In March 2020, Xinja said that it had secured A$433 million from Dubai-based World Investments. In a press release, Xinja said it would receive the investment over a 24-month period. The first installment would be A$160 million. The Sydney-based neobank later amended the press release to include a note about the pandemic delaying approval and processing of the investment.
According to Australian Financial Review, World Investments signed both an MOU and a fund agreement in March. Michael Gale, who reportedly helped broker the deal, told AFR that the fund agreement was renewed in September and World Investments planned to "complete the investment in early 2021." However, "at this stage, there has been no capital injection," Gale added.

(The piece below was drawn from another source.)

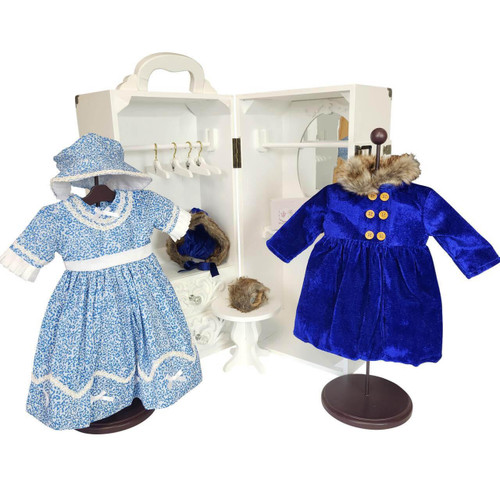 The two blue 18 inch doll clothing outfits and 1 pair 18 inch doll shoes displayed in front of the opened storage trunk for 18 inch doll. The two blue 18 inch doll clothing outfits and 1 pair 18 inch doll shoes displayed in front of the opened storage trunk for 18 inch doll.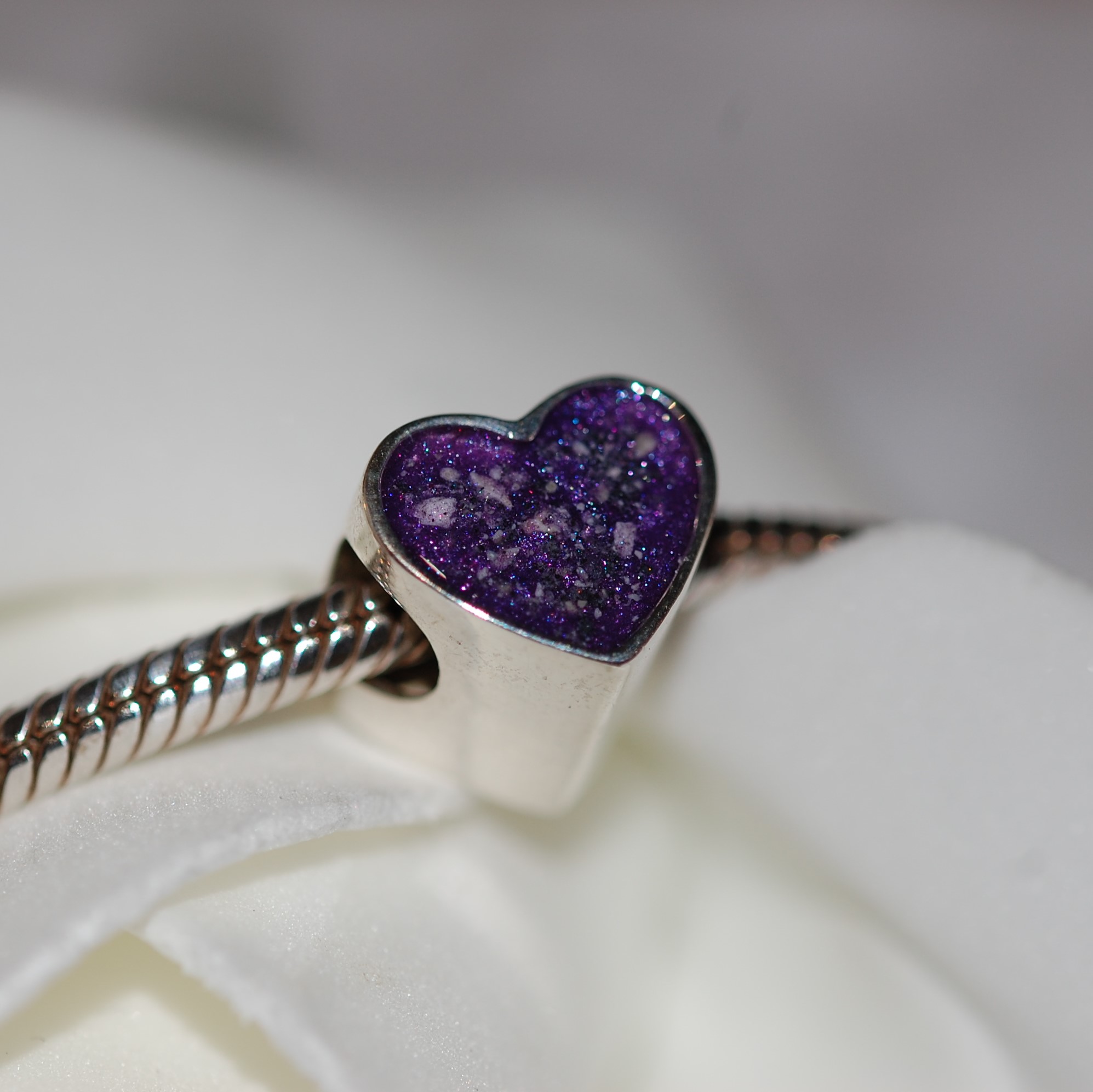 Silver heart charm bead with pet cremation ashes and violet colour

It is unclear why World Investments did not invest sooner if it was committed to the deal. Xinja was clearly in dire straits by November, when a PwC audit revealed that Xinja was "highly dependent on raising additional capital" to ensure that its capital base stayed above prudential requirements. Xinja was down to just A$25 million in assets at that point.
In November, Xinja founder and CEO Eric Wilson said that Australia's closed borders had made attracting foreign investment difficult. He said covid had "affected World Investments as an organization" and hampered its ability to carry out due diligence for its planned investment in Xinja.
It is possible that Canberra's ultra-strict approach to containing the virus - which has been effective - put Xinja at a disadvantage compared to its counterparts in Europe, where borders were only shut temporarily in the spring.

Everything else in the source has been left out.